Grand Rapids — Sibley Elementary School students examined tiny wildflower seeds, sorting them into categories by shape, texture, size and color on poster board.
“A yellow one!” one student exclaimed.
“The little black ones go here,” another instructed.
“The seeds are getting inside my shirt,” said a third, shaking out his sleeve.
Soon students moved on to another activity, guided by Union High School students who visited Sibley to help them learn about gardening. They filled recycled yogurt cups and containers with soil and planted tomato and pepper seeds. The miniature pots will sit under grow lights for a few weeks before being planted in both schools’ gardens.
The seed starting event was led by Nicole Durso, a Union ninth-grade science teacher, and members of the school’s Red Hawk Garden Club.

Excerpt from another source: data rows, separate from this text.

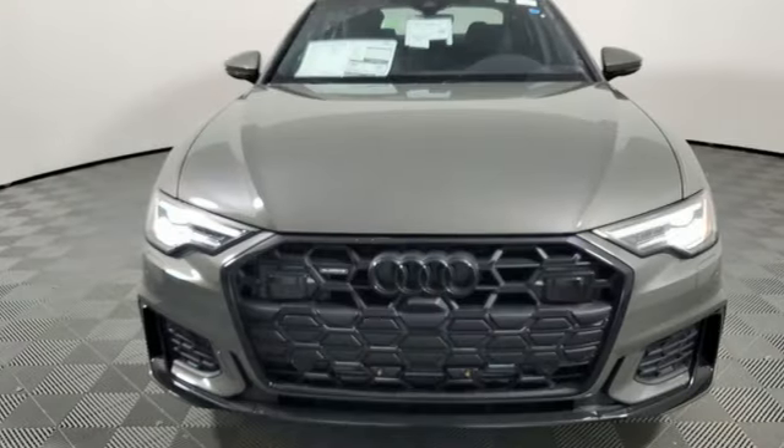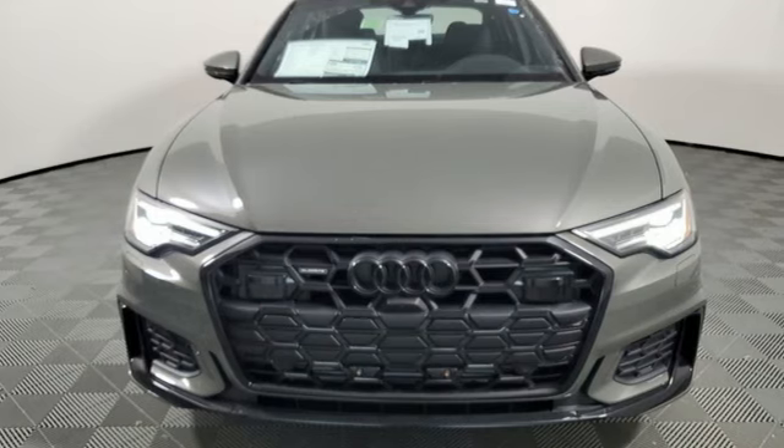Audi doesn't follow trends, it sets them. Driving is believing. Test drive it today.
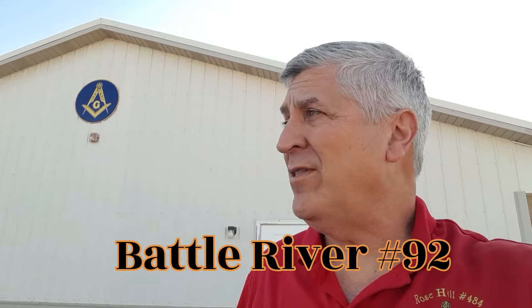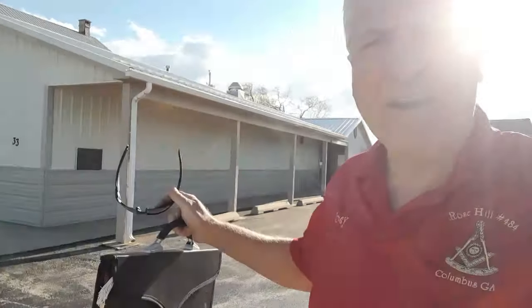Well hello there, thank you for joining us here at Coolest Life. My name is Tony and I'm here at Battle River Lodge Number 92 in Hermosa. I'm giddy like a little schoolgirl because this is South Dakota — it's the first time I've ever been to a lodge in South Dakota. Looking forward to this meeting. They've got a nice building here; I think this might have been one of theirs too.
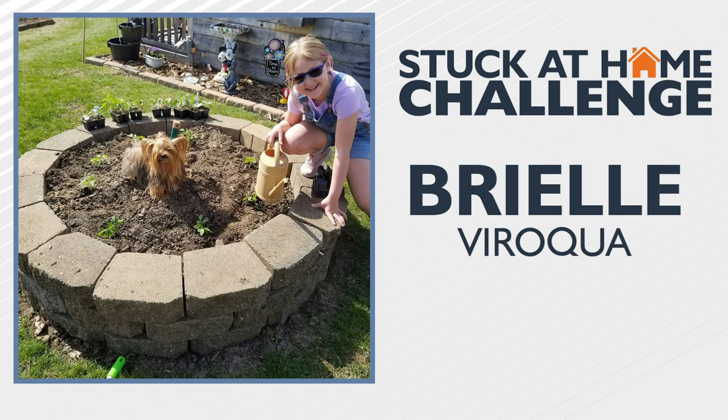Brielle in Viroqua put in some gardening work with her dog Pixie. She says she can't wait to watch it grow. That's part of the fun.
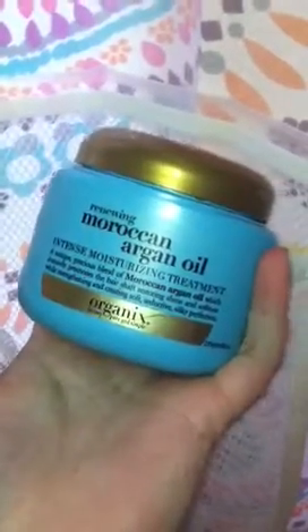In this pocket I have my body loofah and some Renewing Moroccan Argan Oil Intense Moisturizing Treatment. I use this maybe once a week, maybe once every two weeks or so.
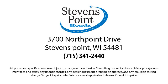So come visit us here at Stevens Point Honda, where you always win. We are located at 3700 North Point Drive in Stevens Point.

“We are hoping to produce enough today that they can take some tomato and pepper seeds home,” Durso said. “There will be enough for their school garden and enough for ours. Our older scholars will be taking some home as well.”
The idea behind bringing the groups together was to grow students’ interest in the school gardens, which yield produce for school families including carrots, lettuce, beets and radishes, said Sara Scott, Sibley’s Kent School Services Network coordinator. Many Sibley students go on to Union for high school, and can bring their interest and knowledge to the garden there.
Scott connected with Durso, who is known for her passion for teaching science. About 20 high school students are involved in the Union High club and Durso was interested in having them work with students at Union’s feeder schools.
“It’s going to be a good experience to help them learn about planting seeds,” said one Union sophomore about working with younger students. Because of the Garden Club, she’s learned to plant her own seeds at home and helps her grandmother with gardening.
‘We want this excitement with science and STEM to follow them. The high schoolers are helping them with their learning. It’s creating that sense of community, belonging and identity.’— Sibley teacher Bernice Wisnieski
The seed-starting activities align with Next Generation Science Standards, which emphasize inquiry and exploration, and have a strong language component as well, Durso said. Many Sibley students are English-language learners.
“The activity gets them interacting with each other. It gets them using and producing language to make observations and describe what they see,” Durso said, as students worked in groups to sort their seeds.
Teacher Bernice Wisnieski said her second-graders learned about seed dispersal before the event.
“We want this excitement with science and STEM to follow them,” Wisnieski said. “The high schoolers are helping them with their learning. It’s creating that sense of community, belonging and identity.”